I haven't written much on this topic yet, but you can see a recent
short paper here.
Natural Language Processing in Mäori
A more practical interest is in a project to translate simple
sentences between English and Mäori. You can look at the system
we're developing here.
Discourse structure
A methodology for motivating a set of coherence relations
My PhD work (Knott, 1996) looked at the
question of how to decide in a principled way on a set of coherence
relations to use in analysing and generating text. Although the
general idea of coherence relations is widely accepted in
computational treatments of discourse structure, there is considerable
disagreement amongst researchers as to the nature of relations
themselves: how many are needed, how they should be defined, and what
exactly they model. No two researchers use the same set of relations,
and new relations are constantly being created---the resulting
proliferation makes for a great deal of confusion. In my thesis I
propose a methodology for determining a standard, well-motivated set
of relations. The methodology is founded on a conception of relations
as modelling cognitive constructs, used by readers and writers when
they process text. I argue that evidence for such psychological
constructs can be sought in a study of the linguistic resources for
signalling relations in surface text, and in particular in a study of
the set of connective cue phrases in a language (Knott
and Dale, 1992). On the
basis of this argument, a three-stage method for motivating relations
is proposed (Knott and Dale,
1996; Knott, 1993b). First, a very large corpus of
cue phrases is gathered from naturally-occurring texts, using a simple
pre-theoretical test. Second, this corpus is organised into a
taxonomy of synonyms and hyponyms, using a second pre-theoretical test
to determine the substitutability of one phrase by another in a range
of contexts. The taxonomy motivates a feature-theoretic conception of
relations, whereby cue phrases signal combinations of features of
coherence relations, rather than whole relations (Knott, 93a). The
final stage in determining relation definitions is to use the taxonomy
to define a set of independent features, representing orthogonal
dimensions of variation within the set of cue phrases (Knott and Mellish, 96).

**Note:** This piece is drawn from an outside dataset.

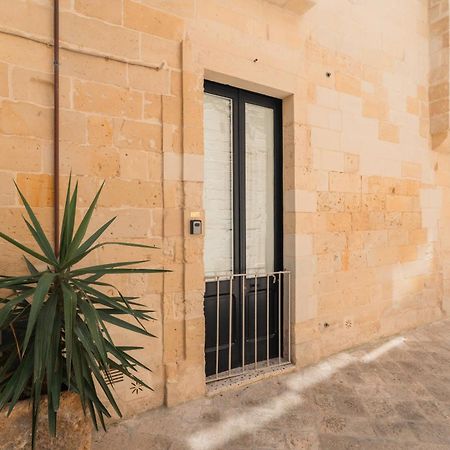 Donna Cristina Historic Apartment Lecce Extérieur photo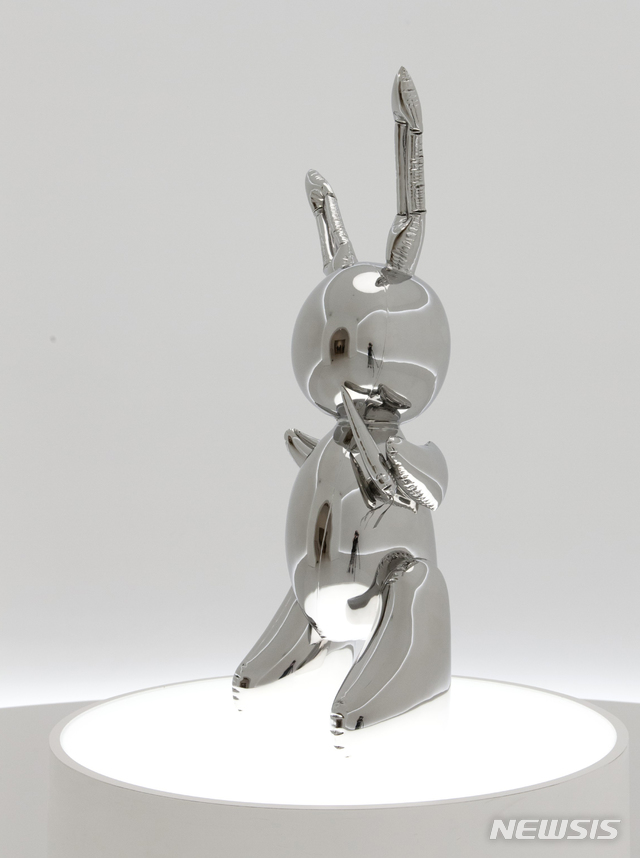 【뉴욕=AP/뉴시스】현대미술의 거장인 제프 쿤스(64)가 최근 내놓은 조각품 '토끼'가 15일(현지시간) 뉴욕 크리스티 경매에서 생존 예술가 작품 가운데 사상 최고액인 9100만달러(1082억원)에 팔렸다. 2019.05.16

Interdisciplinary studies of cue phrases and relations
The feature-theoretic conception of cue phrases and relations
developed in my thesis has served as the basis for subsequent research
in several areas. One group of studies examines the cross-linguistic
validity of the proposed set of features. Studies have been carried
out on English and Dutch (Knott and Sanders,
96) English and German (Stede, 94), and French (Rossari and Jayez,
98). The feature-based conception of cue phrases and relations has
also found application in computational treatments of discourse
structure and lexical semantics. The conception meshes well with
emerging accounts of discourse structure in terms of lexicalised
tree-adjoining grammars (Cristea and Webber,
97; Webber and
Joshi, 98; Webber,
Knott and Joshi, 99; Webber
et al, 99), and has also formed the basis for an analysis of
subordinating conjunctions in a lexical knowledge base (Litkowski,
98). Another group of studies focus on the issue of cue phrase
ambiguity. The feature-based account of cue phrases sheds interesting
light on the question of whether very general cue phrases such as
``and'' and ``but'' should be thought of as polysemous or
underspecified, from a Gricean standpoint (Oberlander and Knott, 96). It has also
proved useful in interpreting the results of psychological studies in
which cue phrases are used as an experimental window on subjects'
discourse processing strategies. A recent study (Stevenson et al, in
preparation) notes the problems posed by ambiguous cue phrases and
reports new experiments using maximally specific phrases. Another
psychological study finds independent evidence for the feature-based
account of relations from cluster analyses of disagreements between
text analysts (Knott and Sanders, 96). A
final strand of research emerging from the study of cue phrases is
corpus-based. The large collection of cue phrases gathered during the
study has been used in studies of the distribution of cue phrases in
large corpora (Marcu, 97; Cristea and Webber,
97).
Natural language generation and text planning
A final research interest is in natural language generation. The
focus of this work to date has been the ILEX project, on
which I worked from 1995 to 1998, along with Mick
O'Donnell, Jon
Oberlander, and Chris
Mellish.
The ILEX system
ILEX (the Intelligent Labelling Explorer) is a text generation system
which operates in a museum gallery, producing descriptions of objects
encountered during a personalised guided tour. The current version of
the system runs over the web, delivering pictures and text for a
collection of objects in the Modern Jewellery gallery of the Royal
Museum of Scotland. Descriptions are generated at run-time, from a
knowledge base of facts. They are individually tailored to the
communicative context in which they are generated, featuring
comparisons to objects already seen, relevant examples and interesting
background information, and avoiding repetition of facts already
presented: see Oberlander et al,
98 for an overview. ILEX is a Dynamic Hypertext system; one of a
number of recent text generation systems investigating a new and
potentially very interesting paradigm in human-computer interaction
(Knott et al, 96, Dale et al, 98). Interaction with the user
can be thought of as a form of mixed-initiative dialogue: the user is
free to browse through the collection of objects in any order; the
system decides how to describe each selected object, in such a way as
the {\em sequence} of object descriptions forms a coherent whole.
Text planning in ILEX
One novel aspect of ILEX's domain is that the system is not able to
plan far into the future, as it cannot know which objects the user is
going to choose. Moreover, for any given object description, the
system's communicative goal is very underspecified: it must simply
present as much interesting and educationally important information to
the user as is possible within a locally and globally coherent text.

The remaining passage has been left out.